In a mediated divorce, a neutral third party (called a "mediator") helps both spouses work together to reach an agreement about the issues in their divorce. Mediators never make decisions for the couple; rather, they might suggest possible resolutions. If mediation is successful, the spouses and the mediator can write up a marital settlement agreement to present to a judge. If the judge approves the settlement agreement, the judge will incorporate it into a final divorce decree.

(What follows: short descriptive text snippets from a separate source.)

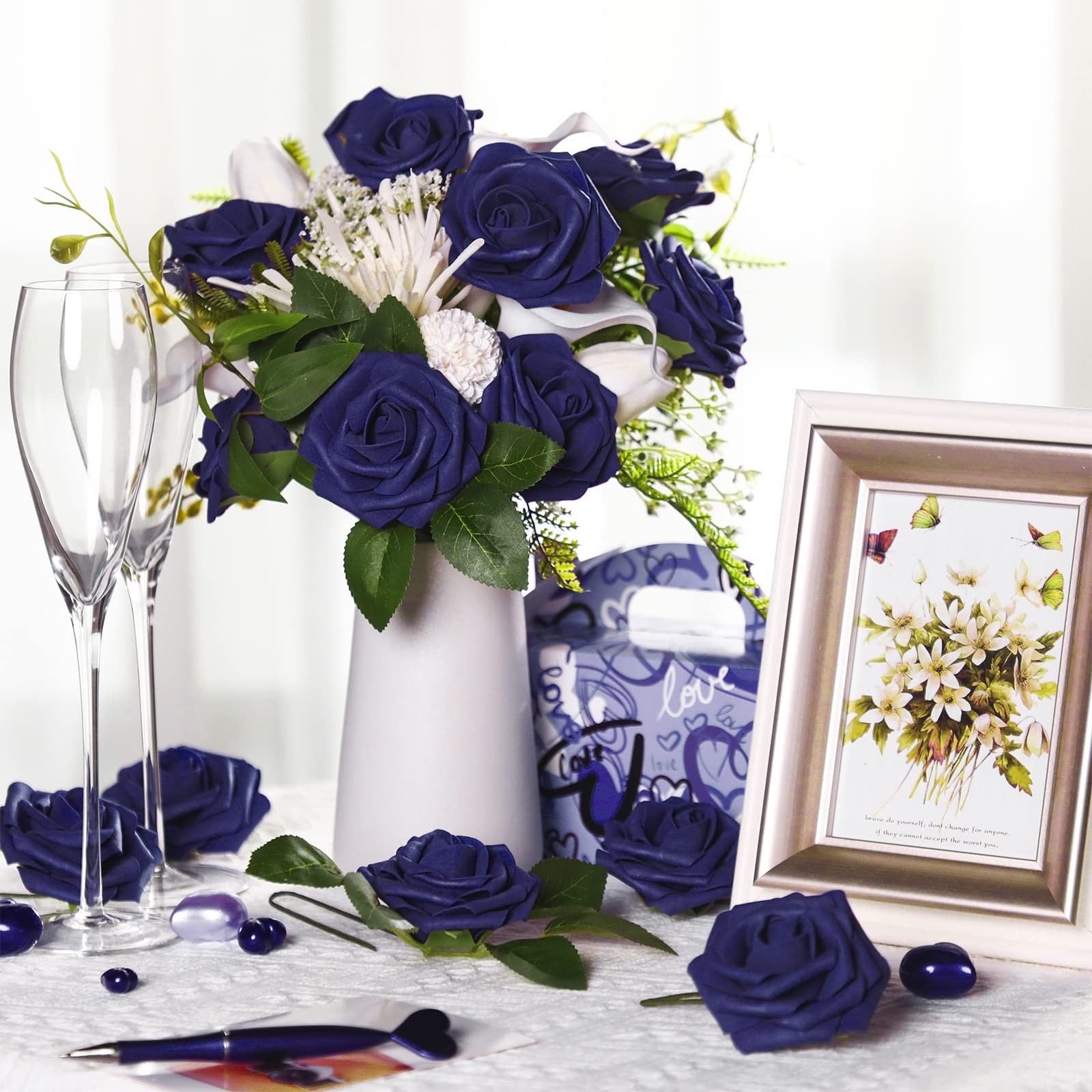 100 PCS Artificial Foam Rose Flower Faux Bouquet Wedding Fake Rose Navy Blue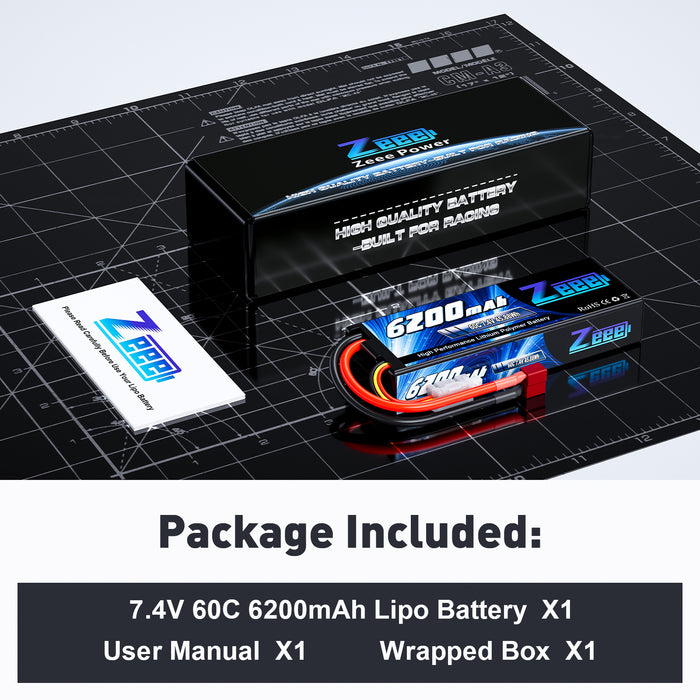 Zeee 2S Lipo Battery 6200mAh 7.4V 60C Hard case with Deans Connector for RC Vehicles Car Truck Truggy Boat(1 Pack)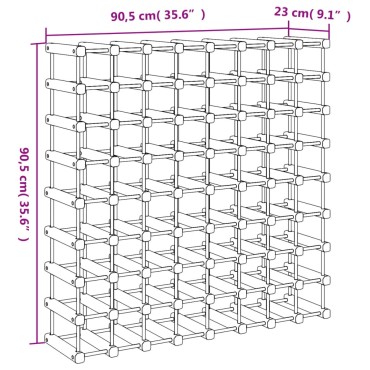 vidaXL Ραφιέρα Κρασιών για 72 Κρασιά 90,5x23x90,5cm Μασίφ Ξύλο Πεύκου 1 τεμ.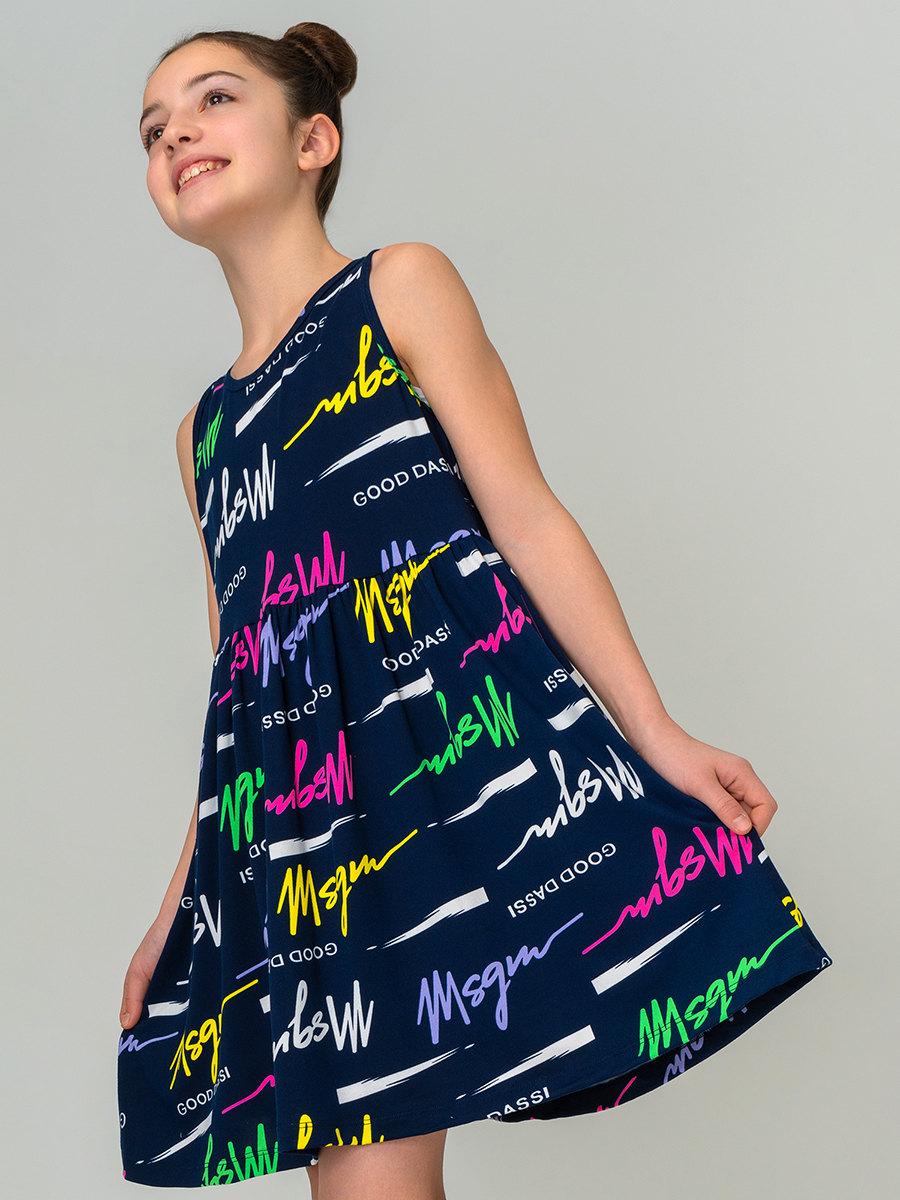Платье HappyFox HF00199т.синий.с.надписями - фото 10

Mediation has many advantages over litigation: it's often much faster, less expensive, and it helps foster future communication between the spouses. For many, it's also much more convenient and allows the spouses to have greater control over the timing of the divorce. Many mediators and services even offer spouses the option to conduct their divorce mediation online.
Mediation is an excellent option for spouses who are willing to work together to reach a compromise and who can negotiate honestly and on a level playing field. Mediation is not a good option when there is current or threatened domestic violence or when one spouse is unwilling to cooperate.
Collaborative divorce is an option when spouses want to avoid fighting in court but desire to have lawyers negotiate on their behalf. In a collaborative divorce, the spouses and their attorneys agree to try their best to reach agreement on the divorce issues. If they can't reach agreement, the attorneys must withdraw from representing the spouses, and the spouses must start the divorce process all over—including hiring new attorneys. The risk of having to start from scratch and incur additional attorneys' fees often provides strong incentive for the couple to negotiate in good faith and reach a compromise.
Most—if not all—states allow spouses to represent themselves in divorce matters (known as appearing "pro se" or "pro per"). But whether that's a good idea is another question. Spouses who can't agree on custody and parenting time issues, alimony, or distribution of property, will probably need to hire an attorney to help them reach the outcome they desire.
On the other hand, when a couple agrees on all the issues and have a written marital settlement agreement, they might not need to hire a lawyer. They can DIY their divorce and use the self-help divorce instructions and forms provided by their local court.
Alternatively, spouses who have reached an agreement about the issues in their divorce but would like to have some assistance can hire an online divorce service. Most online divorce services provide all the forms the couple will need and will review all the forms after the couple has filled them out. Many will even file the paperwork with the appropriate court.
Finally, if you're uncomfortable representing yourself, but money for a lawyer is a problem, you might try consulting with a local attorney to see whether the attorney would be willing to give you advice on an as-needed basis. You might also qualify for free or low-cost legal assistance from your local legal aid office or county bar association (the local professional organization for lawyers).